La coppia era separata da anni e seguita dai servizi sociali del Comune di Muggia e dal tribunale per i minorenni. Il bambino viveva con il padre, ma da poco la madre aveva ottenuto il permesso di incontrarlo senza la presenza degli educatori. La donna era inoltre in carico al Centro di salute mentale, come confermato dalle autorità. La situazione familiare era considerata complessa, ma, secondo chi seguiva il caso, non c’erano segnali di pericolo imminente.

Il piccolo frequentava il quarto anno della scuola elementare slovena di Muggia ed era molto conosciuto in paese. Il sindaco di Muggia, Paolo Polidori, ha dichiarato che la comunità è sotto choc: «La situazione era seguita da quando è nato il bambino, era difficile ma sembrava non un dramma. Ho appena proclamato il lutto cittadino e non sappiamo ancora se durerà uno o tre giorni. Davvero una tragedia immane per tutta la comunità». Polidori ha aggiunto che il Comune si sta attivando per offrire sostegno psicologico ai compagni di classe del bambino e alla scuola che frequentava. «A mezzogiorno abbiamo organizzato un picchetto con la Polizia Locale con un minuto di raccoglimento, per dimostrare la più forte solidarietà al padre, ai compagni di classe e alla squadra di calcio». In questi giorni, a Muggia si stava preparando la Sagra di San Martino, ma «ovviamente si toglieranno tutte le parti di inaugurazione».

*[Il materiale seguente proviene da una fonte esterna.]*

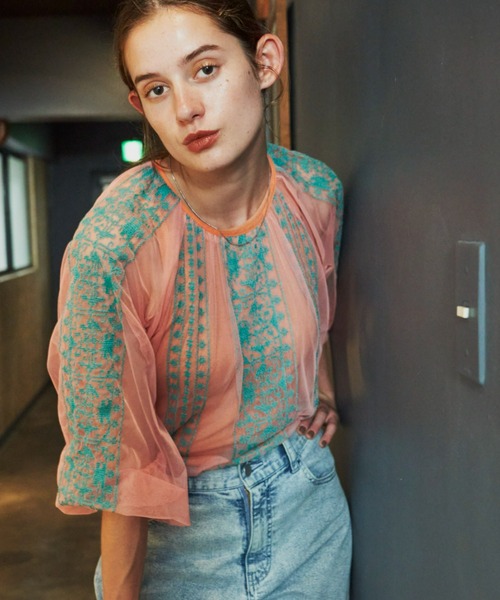 Unitage（ユニテージ）の「チュール刺繍ブラウス（シャツ/ブラウス・レディース・ピンク/ナチュラル・FREE）」の12枚目の写真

Anche il parroco della diocesi di Trieste, don Andrea Destradi, conosceva bene la famiglia, «o almeno si vorrebbe chiamarla così, perché era una situazione davvero molto complicata». Il sacerdote ha raccontato all’AdnKronos di aver visto il padre del bambino la sera stessa, poco prima che si scoprisse la tragedia: «L’ho visto in piazza Marconi a Muggia verso le 21.30. Non mi sono fermato a parlare con lui perché era al telefono e stava cercando di mettersi in contatto con la mamma che non rispondeva. In casa non rispondeva nessuno». Don Destradi ha aggiunto: «L’ultima volta che ho visto il padre con il figlio è stata sabato sera, a messa. I due coniugi erano separati da molti anni e solo di recente la donna, di origini ucraine, aveva avuto la possibilità di rivedere il bambino senza gli educatori». Sulle condizioni della madre, ha detto: «Aveva molte fragilità. Veniva spesso da me in parrocchia a chiedere aiuto. Voleva una casa, un lavoro, ma noi, che come parrocchia aiutiamo un sacco di gente, non riuscivamo ad affrontare queste problematiche che erano di tipo medico, non bastava trovare un impiego».